Scientific classification
- Kingdom: Plantae
- Clade: Embryophytes
- Clade: Tracheophytes
- Clade: Spermatophytes
- Clade: Angiosperms
- Clade: Magnoliids
- Order: Magnoliales
- Family: Annonaceae
- Genus: Pseuduvaria
- Species: P. pamattonis
- Binomial name: Pseuduvaria pamattonis (Miq.) Y.C.F.Su & R.M.K.Saunders
- Synonyms: Hydnocarpus unonifolius Elmer Orophea pamattonis Miq

= Pseuduvaria pamattonis =

- Genus: Pseuduvaria
- Species: pamattonis
- Authority: (Miq.) Y.C.F.Su & R.M.K.Saunders
- Conservation status: LC
- Synonyms: Hydnocarpus unonifolius Elmer Orophea pamattonis Miq

Species of plant in the soursop family

Pseuduvaria pamattonis is a species of plant in the family Annonaceae. It is native to Borneo and the Philippines. Friedrich Miquel, the Dutch botanist who first formally described the species using the basionym Orophea pamattonis, named it after a mountain in Borneo called Gunung Pamaton.

==Description==
It is a tree reaching 22 m in height. The young, yellow to gray-brown branches are slightly to densely hairy and also have sparse lenticels. Its egg-shaped to elliptical, slightly leathery to leathery leaves are 9-20 cm by 3-7.5 cm centimeters.
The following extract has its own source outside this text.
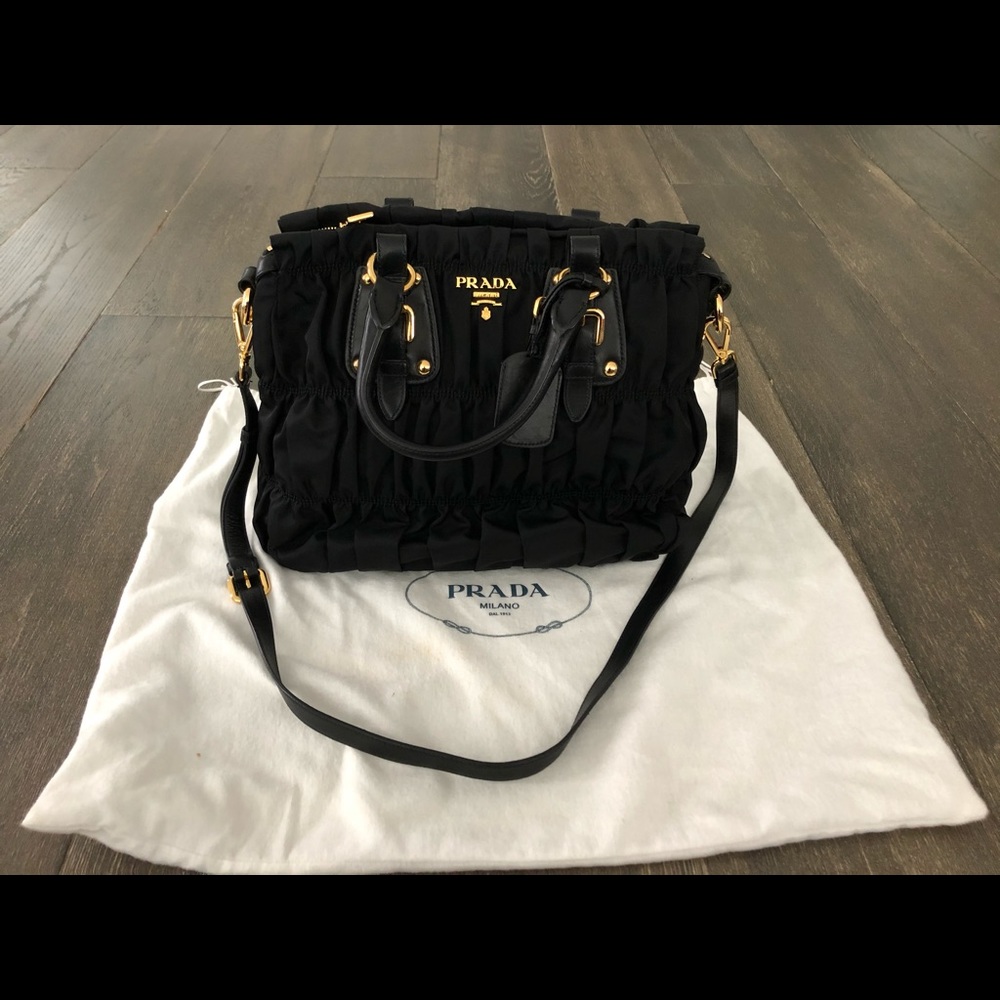 Prada Tessuto Nylon Bag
The leaves have pointed to blunt bases and tapering tips, with the tapering portion 8–24 millimeters long. The leaves are hairless on their upper and lower surfaces. The leaves have 10–16 pairs of secondary veins emanating from their midribs. Its sparsely to very densely hairy petioles are 4–13 by 1–2.5 millimeters with a broad groove on their upper side. Its Inflorescences occur in groups of 2–7 on branches, and are organized on indistinct peduncles. Each inflorescence has 1–2 flowers. Each flower is on a densely hairy pedicel that is 4–11 by 0.3–0.7 millimeters. The pedicels are organized on a rachis up to 5 millimeters long that have 2 bracts. The pedicels have a medial, sparsely hairy bract that is 0.2–1 millimeters long. Its flowers are unisexual. Its flowers have 3 free, oval sepals, that are 0.5–1.5 by 0.7–2 millimeters. The sepals are hairless on their upper surface, sparsely to densely hairy on their lower surface, and hairy at their margins. Its 6 petals are arranged in two rows of 3. The white to yellow, oval, outer petals are 1–2 by 1–2 millimeters with hairless upper and densely hairy lower surfaces. The white to yellow, heart-shaped to diamond-shaped, inner petals have a 2–7 millimeter long claw at their base and a 4–10 by 2–5 millimeter blade. The tips of the male flowers have two concave sides while those of the female flowers are pointed. The bases of the male flowers are heart-shaped to flat while those of the female flowers are flat. The inner petals are densely hairy on their upper and lower surfaces. Male flowers have 30–45 stamens that are 0.5–0.8 by 0.4–0.6 millimeters. Female flowers have 6–7 carpels that are 1.4–1.6 by 0.6–0.9 millimeters. Each carpel has 3–5 ovules arranged in two rows. The female flowers have up to 6 sterile stamens. The fruit occur in clusters of 1–5 on sparsely to densely hairy pedicles that are 9–13 by 1–2.5 millimeters. The brown, globe-shaped fruit are 12–21 by 11–18 millimeters. The fruit are smooth, and very densely hairy. Each fruit has 3–5 hemispherical to lens-shaped seeds that are 9–11.5 by 6.5–9 by 2- millimeters. The seeds are wrinkly.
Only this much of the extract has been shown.